Darlington Chibueze Anuonye
I hear the quiet voice of desire loudly in “Animals.” This voice transforms this story from a domestic narrative to a sensual experience. How do we translate the sensations and palpitations Cherish feels whenever she thinks of Afolabi?
Uche Okonkwo
She is a teenager becoming aware of her own burgeoning sexuality. I think lots of people remember the excitement and awkwardness and confusion of their first crushes. Cherish is in the thick of that experience, and she acts as would be expected.

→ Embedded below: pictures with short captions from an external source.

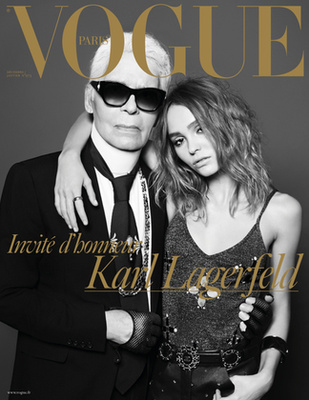 A francia Vogue elején pedig magával Karl Lagerfelddel pózolhatott. Érdekesség, hogy a fotót a Saint Laurent egykori tervezője, Hedi Slimane készítette.



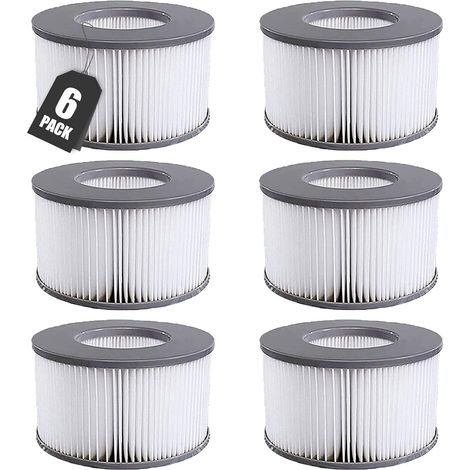 KGC Spa Lite Filter für Mspa, 6-teiliger Filter für Whirlpool MSpa ab 2020, Filter für Mspa Lite, Wasserfilterkartusche für aufblasbare Pools, Whirlpools und Spas (1/5)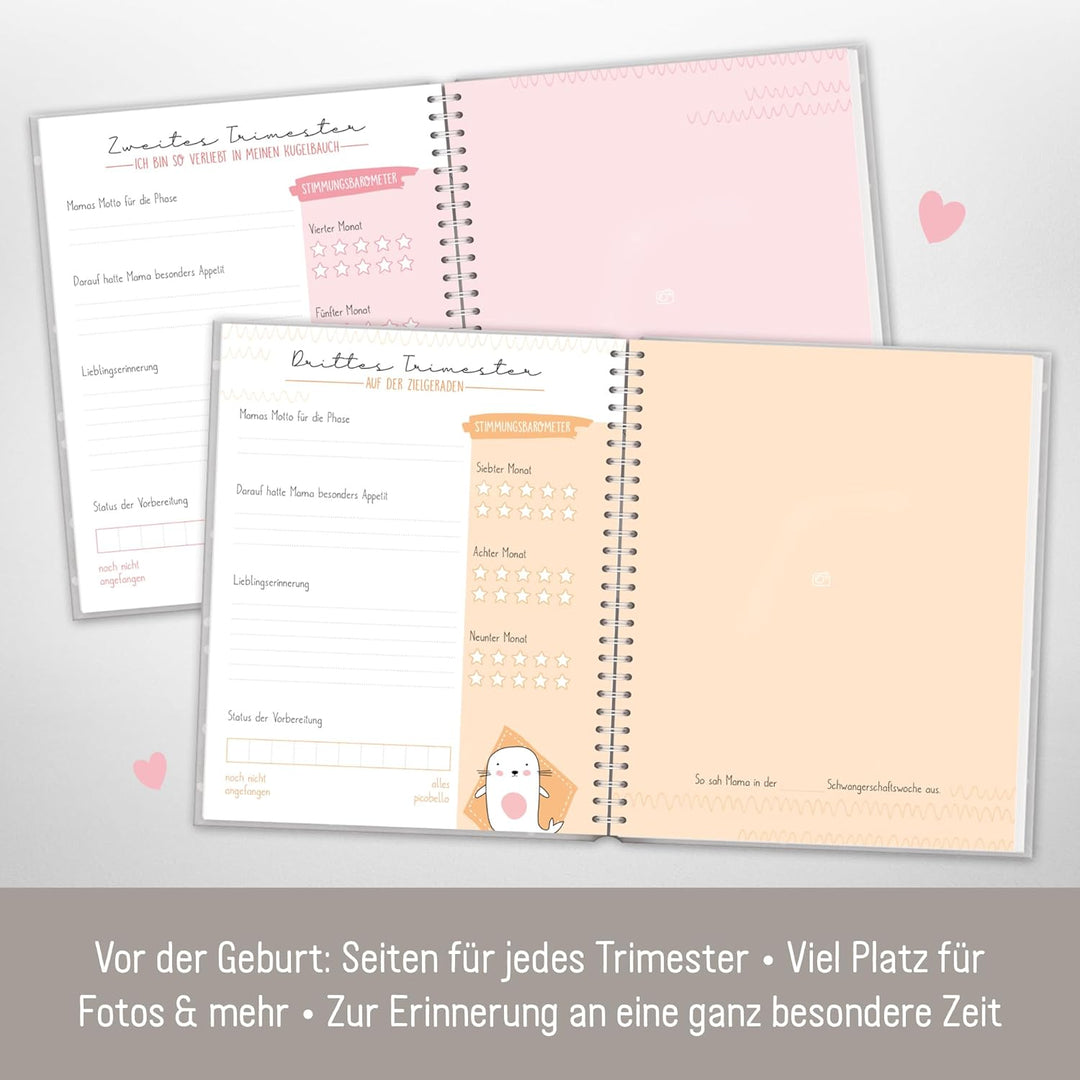 Babyalbum [Dotty Tiger] Baby-Tagebuch für Schwangerschaft und das erste Jahr | Erinnerungsalbum zur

Darlington Chibueze Anuonye
I’ve heard that silent voice before, in Chimamanda Ngozi Adichie’s Purple Hibiscus, when Kambili talks about or comes close to Father Amadi. It is full of wild innocence, guided curiosity and unconscious hope. You know, I was worried that Cherish couldn’t discuss her desires with her mother because of her fear that she would not listen. So, how do we fully account for the sensuality of young people in an environment like Nigeria—an overly moralistic society—where matters of desire are often culturally muted?
Uche Okonkwo
I think it’s normal for teenagers to pull away from their parents at that age, but it is also true that the sensuality of young people isn’t something that’s given much space in a moralistic society, almost like we believe that if we don’t talk about something then it doesn’t exist. I think that this culture of silence around young people’s sexual lives and sexual health can lead to a knowledge gap that ends up being a problem. I think about all the horror stories that were—and maybe still are—told to young people about menstruation, for example. Such stories can be funny in retrospect, but they aren’t particularly helpful for the child trying to navigate hormones and bodily changes and all the added challenges that come with growing up.